The idea behind this new trilogy is to revive three different routes Isabelle Michaud, the indie perfumer behind the brand, has explored throughout her life. The second “Route” perfume in this collection reflects a memory of a mountain expedition she took across France and Italy, but we’ll have to wait for this release yet to come. Isabelle, based in Montreal, braids and weaves dry leaves of grass cut off her memory lane, forming a basket filled with childhood memories of summer vacations spent in a picturesque village of Riviere-Ouelle, nestled near the St. Lawrence River in Kamouraska region of Quebec Canada – its name coming from Algonquin, meaning: “where rushes grow at the water’s edge”.
Bridge Above Brackish Water, Unsplash
At the edge of the Fresh-Aquatic genre of perfumes, Monsillage Route du Quai sets itself apart by introducing – brackish water, thus very elegantly escaping cliches that might have made you shy away from this perfume family, and challenging lovers of the same. Rich vegetation grows “at the water’s edge”, and Michaud wants you to feel it intensely, just like children do: imagine sitting in a car, driving down the road leading to your favorite Summer vacations place. As you make a short stop with all windows rolled down, familiar scents start to breeze in, painting the landscape you can recognize anytime, even with your eyes closed. Scent of sweet memories of carefree childhood days, great expectations of those yet to come.

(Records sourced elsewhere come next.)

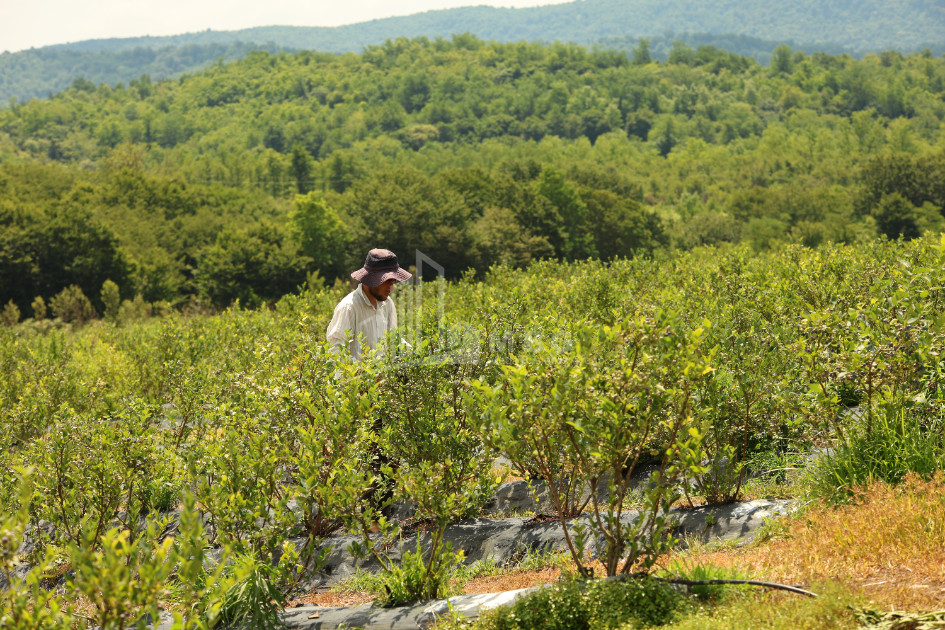 For Sale Orchards Land In Senaki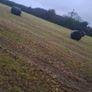 Silage bales Image 2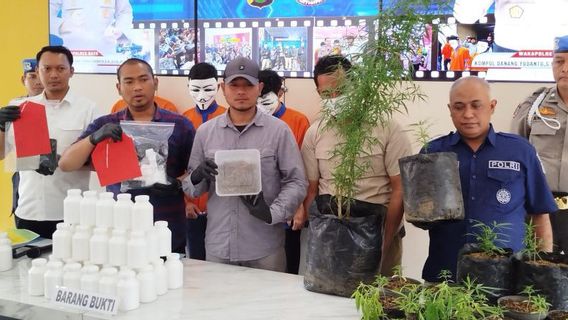 Pria Penanam 62 Batang Pohon Ganja di Loteng Rumah Ditangkap Polres Kota Batu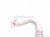 2023 Dodge Ram 1500 Ac Hose Pipe A/c Suction And Liquid Line 68485892AA Replacement 2023 Dodge Ram 1500 Ac Hose Pipe A/c Suction And Liquid Line 68485892AA Replacement thumbnail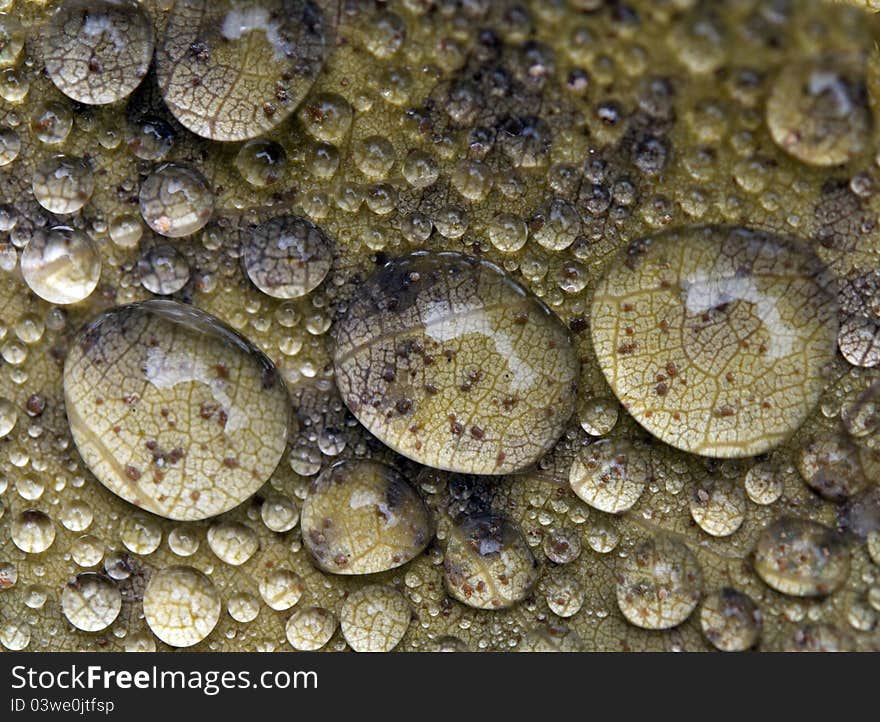 Close-up of leaf in Fall color with water droplets. Close-up of leaf in Fall color with water droplets.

This vegetation is moist, a dewy, greenish potion made of citrusy-bitter sage with the lingering freshness of still green juniper berries, adding a slightly sour, gin-like aftertaste, scents and tastes of a big, wide river flowing into the ocean. With another breath taken your nose can now discern fresh salty air carried by winds moving inland, bringing closer fragments of scents it picks up on its way: wild roses and honeyed, pollen-smelling lilac flowers, swaying in the wind. The scent of the road ahead of you too, earthy, with puddles of water scattered along the way.
Riverside, Elena Cvjetkovic
This changes in time and dry dust of sweeter nuances slowly seeps in to Monsillage Route du Quai, preparing you for yet another change of scenery: the ocean is near now, the scent of moist sea grass, driftwood and saltiness tingling your nostrils.
Ocean Rocks by Monsillage
This part I enjoyed the most, as well as the drydown: Isabelle uses sweetgrass, so terroir-specific for Canada and North America. Not a sweetgrass oil note: she created this accord herself using clary sage, coumarin and kephalis. Monsillage Route du Quai with its aromatic-sweet, dry-vanilla like facet, hay-like sweetness of dry grass in combination with light musks, smooth cedar, and the accord of sweet and salty skin-like ambergris is so strangely satisfying and beautiful!
Sweet Grass, The Canadian Encyclopedia
Sweetgrass is honored as one of the four sacred plants of many indigenous nations, known as “Hair of Mother Earth”, braided with love and respect. They say:“Breathe in its scent and you start to remember things you didn’t know you’d forgotten.” Ceremonies, where sweetgrass is burned, are to show you the way to “remember to remember” and even today it is a standard substance used in shamanic healing. It’s thought to attract good spirits and positive energies and it owes its distinctive vanilla-like, sweet tone to the presence of coumarin.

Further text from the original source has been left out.